Small, portable, sometimes a bit buggy but absolutely irreplaceable.

There's also a .NET based one, but it's so slow it feels like you are starting Photoshop, so it's crap IMHO.

GNOME 3.24 and newer have a built-in Night Mode too.
I was using f.lux/redshift for a few years because everyone else was using it. During a reinstall of my system I forgot to install it and it took me about a week to realize it was missing...

I never bothered to install it again because I realized I did not gather any benefits from it.

Interesting, I really can't stand using a system at night without it.
Same here. It's like staring into the sun when it's off.
I used to think it didn't help because honestly the difference was marginal, but when I turned it up Candle or Ember I started really noticing how I got more tired in the evenings.
I once was a regular streamer on Twitch.tv and would regularly plug the use of blue light reducing tools. Another fun thing you can do is wear orange safety goggles to completely block all blue light from the room. You look pretty silly, and I'd wear them on stream sometimes. And people would always ask me, "what's with the orange goggles?" There were a few times when I'd get someone to install F.lux, they'd use it for a bit, and then turn it off, and they'd instantly get it. If you try this experiment for yourself, the difference is incredibly jarring.

If you have any trouble sleeping at night, I'd highly recommend trying one of these strategies. My orange goggles made their way into my digital nomad one bag, they were so useful for my sleep. Occasionally I'd actually sleep in them.

If you want to get really crazy, you can order a bit of a material called "rubylith" (just do a Google search for it) and put it over your laptop or phone screen. It makes things really red, but if you are just reading your Kindle books in bed it can really help prevent staying up until 2am on accident.

If you want to get really really crazy, you could stop using your computer at night and try reading (paper) books before bed.
Paper books don't have a built-in dictionary that pops up when I long-press my finger on a word :(.
My ebook reader does something like this.
Now if only they'd stop selling Kindles with awful pure white backlights.
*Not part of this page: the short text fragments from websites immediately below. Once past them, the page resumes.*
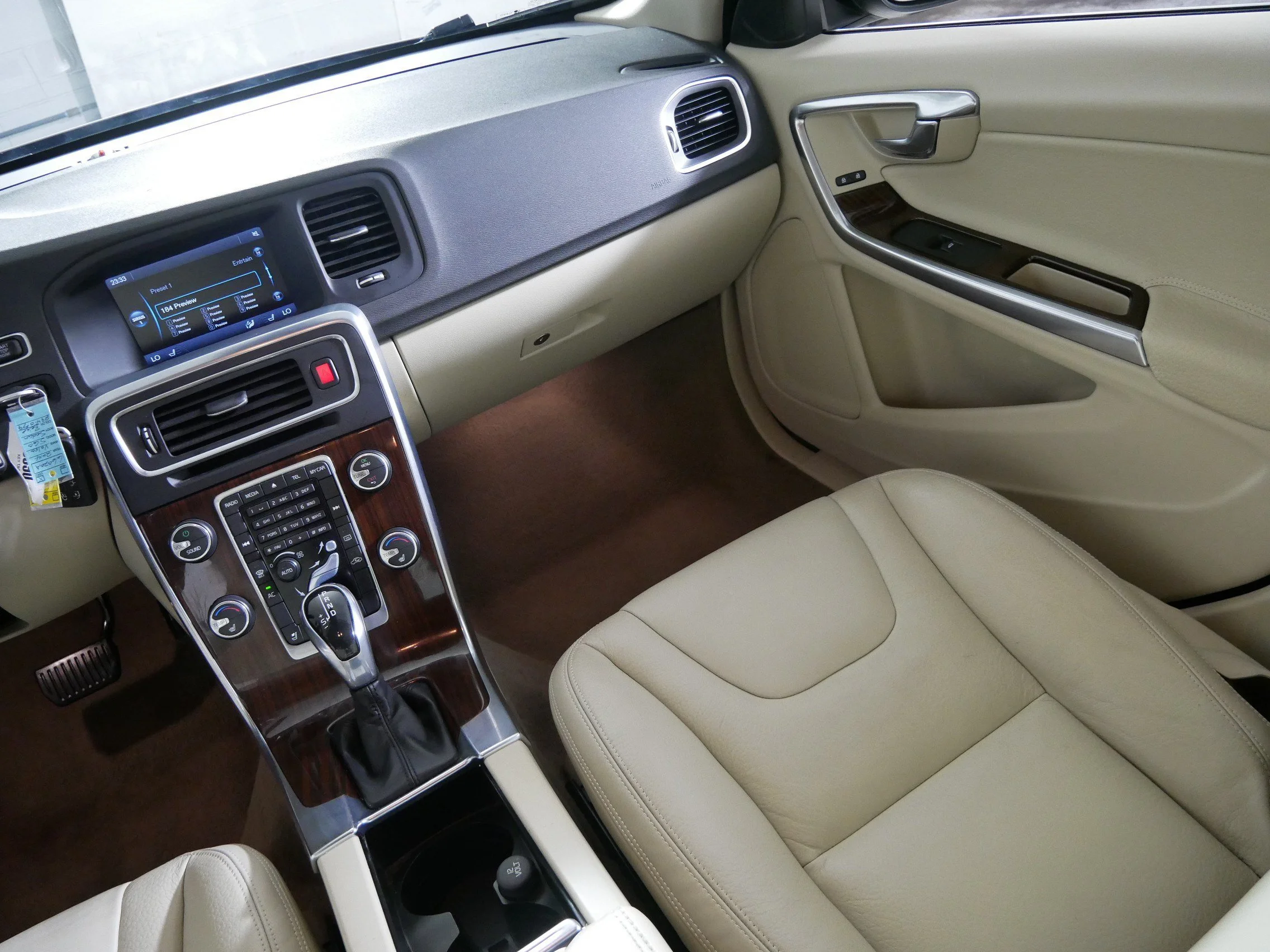 Used 2014 Seashell Metallic Volvo T5 image 11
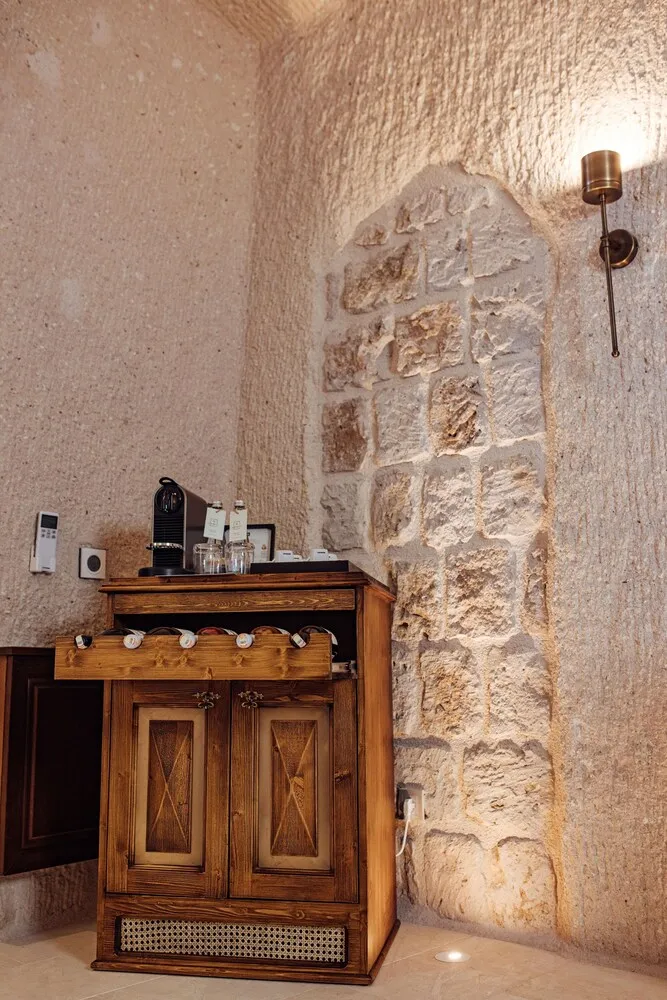 VR777 Natural Cave Queen Suite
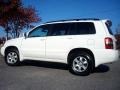 Super White - Highlander V6 4WD Photo No. 6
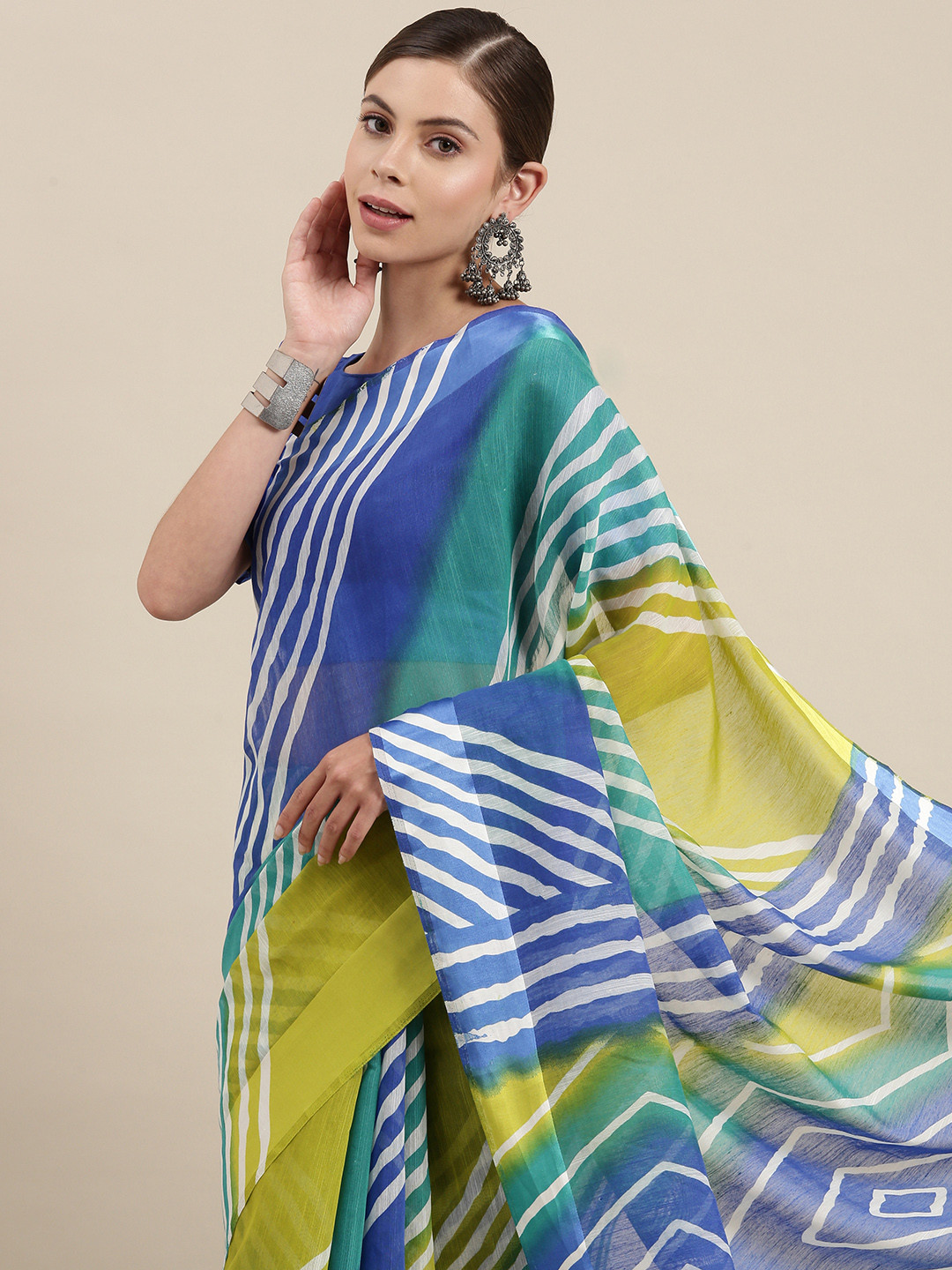 SIRIL Women Blue & Yellow Leheriya Saree 
SIRIL Women Blue & Yellow Leheriya Saree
You only need it when it's dark, and when it's dark your light should be yellow/orange!

I gotta get me those goggles...

They are like ten bucks on Amazon. I have the Terminator UV 400 Orange model and I'm pretty happy with them. They block almost all light below 490nm.
So interestingly enough, wearing the orange goggles or using the rubylith on a device that lights itself can get less blue light into your eyes than reading a book with a lamp on next to you (or of course, wear the goggles with a lamp on works too). Could be a further way to fall asleep faster. I've been fascinated by this phenomenon for a while - the theory I've heard is that humans evolved during a time when the sun was the only source of light besides maybe fire, and so darkness or light the color of fire signaled the time for being sleepy. When you get the blue colored light into your eyes at night the brain gets confused and doesn't know what time it is.
Thanks for a genuine answer to my snarky reply :)

Re fire, another thing that’s helped me is using candlelight in the evening. It keeps things darkish (and of course it’s a warm color of light).

Haha, no problem! And yeah, candles would definitely then work. Some people I've read suggest that if you can don't use any artificial lights at night (obviously kind of difficult), and if you do you'll naturally start getting tired at sunset. Then you get to wake up at 5am! Hard to have a social life though.
In a nutshell, what normally happens is light decreases, your body releases melatonin, and you feel sleepy shortly thereafter.

With the advent of artificial lighting, we started delaying our dim-light melatonin onset (DLMO). It most strongly responds to blue light, but it does respond to other wavelengths, too, so some people find that any light is too much.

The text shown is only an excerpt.